首先定义要优化的目标:
#定义要优化的目标
def LGB_L1_bayesian(num_leaves, learning_rate, feature_fraction,
lambda_l1, lambda_l2, max_depth, bagging_fraction, bagging_freq):
# LightGBM expects next three parameters need to be integer. So we make them integer
num_leaves = int(num_leaves)
max_depth = int(max_depth)
bagging_freq = int(bagging_freq)
assert type(num_leaves) == int
assert type(max_depth) == int
assert type(bagging_freq) == int
param = {
'num_leaves': num_leaves,
'learning_rate': learning_rate,
'bagging_fraction': bagging_fraction,
'bagging_freq': bagging_freq,
'feature_fraction': feature_fraction,
'lambda_l1': lambda_l1,
'lambda_l2': lambda_l2,
'max_depth': max_depth,
'save_binary': True,
'seed': 1337,
'feature_fraction_seed': 1337,
'bagging_seed': 1337,
'drop_seed': 1337,
'data_random_seed': 1337,
'objective': 'binary',
'boosting_type': 'gbdt',
'verbose': 1,
'metric': 'mae',
'is_unbalance': True,
'boost_from_average': False,
'objective': 'regression_l1',
}
xg_train = lgb.Dataset(train_data.drop(['uid'],axis=1).iloc[bayesian_tr_index].values,
label=train_label.iloc[bayesian_tr_index].values
)
xg_valid = lgb.Dataset(train_data.drop(['uid'],axis=1).iloc[bayesian_val_index].values,
label=train_label.iloc[bayesian_val_index].values
)
num_round = 10000
clf = lgb.train(param, xg_train, num_round, valid_sets = [xg_valid], verbose_eval=500, early_stopping_rounds = 50)

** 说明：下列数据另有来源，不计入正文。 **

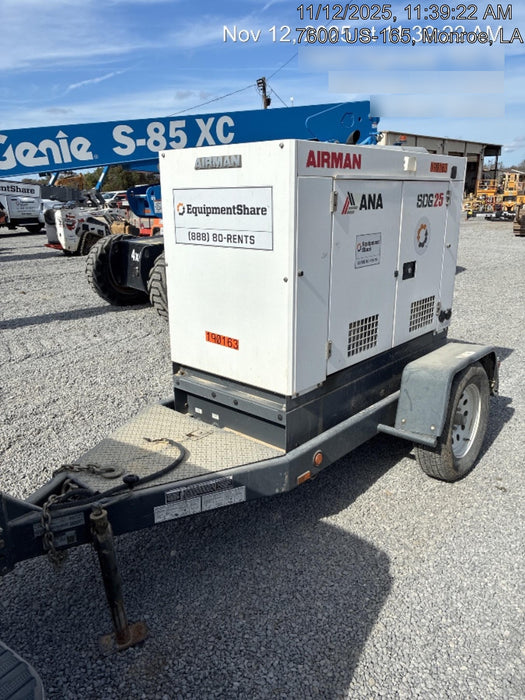 2021 AIRMAN SDG25S-8E1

predictions = clf.predict(train_data.drop(['uid'],axis=1).iloc[bayesian_val_index].values, num_iteration=clf.best_iteration)
score = 1 / ( 1 + metrics.mean_absolute_error(train_label.iloc[bayesian_val_index].values, predictions) )
return score
有了优化目标后,就可以开始设置优化器并进行优化了
#请先安装bayes_opt
from bayes_opt import BayesianOptimization
#参数范围设定
bounds_LGB_L1 = {
'num_leaves': (20, 50),
'learning_rate': (0.005, 0.1),
'feature_fraction': (0.1, 1),
'lambda_l1': (0, 10.0),
'lambda_l2': (0, 10.0),
'max_depth':(3,15),
'bagging_fraction':(0.2,1),
'bagging_freq':(1,10),
}
#优化器
LGB_BO = BayesianOptimization(LGB_L1_bayesian, bounds_LGB_L1, random_state=13)
init_points = 100 #初始随机尝试
n_iter = 100 #优化尝试
#开始优化
LGB_BO.maximize(init_points=init_points, n_iter=n_iter, acq='ucb', xi=0.0, alpha=1e-6)
#利用已知的合理参数进行probe,或许能进一步改善优化结果
LGB_BO.probe(
params={'feature_fraction': 0.6,
'bagging_fraction': 0.8,
'bagging_freq': 2,
'lambda_l2': 5,
'lambda_l1': 0,
'learning_rate': 0.01,
'max_depth': 5,
'num_leaves': 31},
lazy=True, #
)
#注意,这里init_points和n_iter都要设为0
LGB_BO.maximize(init_points=0, n_iter=0)
#查看最优化的score
LGB_BO.max['target']
#查看优化得到的参数
LGB_BO.max['params']
然后利用得到的参数,设置为light gbm的参数即可。
注意:lightGBM的bagging_freq, max_depth, num_leaves 等参数必须为整数,需要对优化得到的参数进行取整
后记:不知道是不是自己设置的bounds不好,搜了半天最后结果还是probe的那个。。。